U.S. lawmakers are considering strengthening a law aimed at fighting human trafficking. They held a hearing on the issue late Monday, as VOA's Deborah Tate reports from Capitol Hill.
Senator Dick Durbin, an Illinois Democrat and chairman of the Senate Judiciary subcommittee that deals with human trafficking issues, underscored the seriousness of the problem. "It is estimated that one million people are trafficked across international borders each year, pressed into labor or servitude or commercial sex by the use of force, fraud or coercion. Human trafficking represents commerce in human misery," he said.
The United States is a signatory to the UN Protocol Against Trafficking in Persons, and it passed its first major anti-trafficking law in 2000.

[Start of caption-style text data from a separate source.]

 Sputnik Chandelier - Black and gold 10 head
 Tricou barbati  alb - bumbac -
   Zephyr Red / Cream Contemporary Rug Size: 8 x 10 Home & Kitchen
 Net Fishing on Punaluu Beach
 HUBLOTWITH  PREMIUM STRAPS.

Some provisions of the law are set to expire this year, and Durbin wanted an update from the Bush administration on how effective the measure has been as lawmakers consider proposals to renew it.
Deputy Assistant Attorney General for Civil Rights Grace Chung Becker says the law has been very successful. "In conjunction with the U.S. attorney's offices around the country, the civil rights division has increased by 600 percent the number of human trafficking cases filed in court in the last six years. From 2001 to today, we have initiated some 725 investigations. Last year, we received one of the highest sentences ever in a sex trafficking case for two of our lead defendants, 50 years of imprisonment," he said.

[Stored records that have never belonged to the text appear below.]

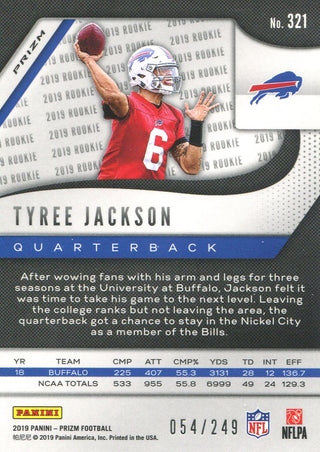 Tyree Jackson 2019 Panini Prizm Orange Rookie Card 54/249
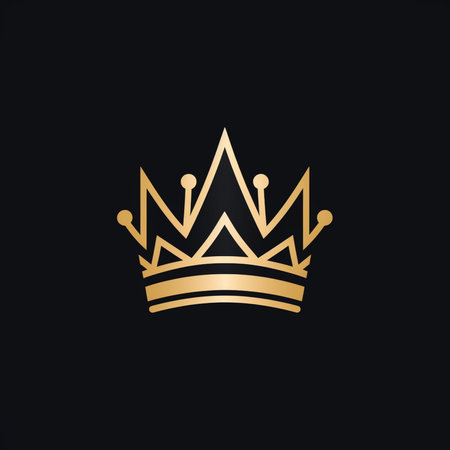 Crown Luxury Logo Template vector icon illustration designの素材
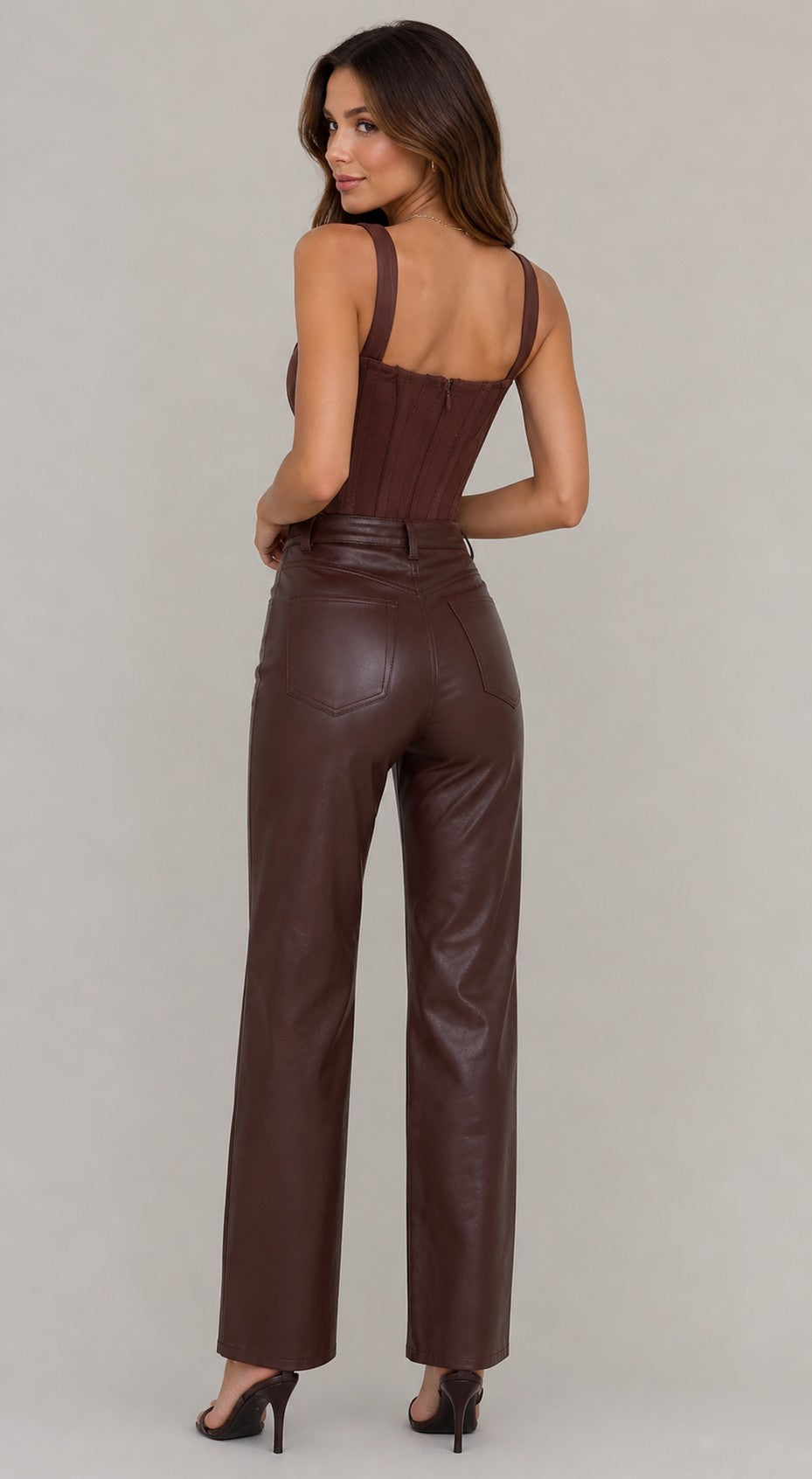 Women’s Sleeveless Square Neck Corset Top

But Katherine Kaufka, supervising attorney at the Counter-Trafficking Services Program at the National Immigrant Justice Center in Chicago, says the law fails to protect trafficking victims. "Approximately 15,000 to 18,000 men, women and children are trafficked in the United States every year. However, since the passage of the TVPA [Trafficking Victims Protection Act] six years ago, almost 400 cases have been prosecuted on human trafficking charges, and approximately 1,500 trafficking visas have been issued. While it was the intent of the statute to punish traffickers and protect victims, these statistics show that we have failed to fulfill our goals. We believe the principal cause of this failure is that the burdens placed on victims is just too high," he said.
Kaufka called on Congress to include provisions aimed at protecting trafficking victims when it reauthorizes the law.
Senator Durbin agreed that human trafficking cases can be difficult to prosecute because victims are often reluctant to talk to law enforcement out of fear of arrest or deportation.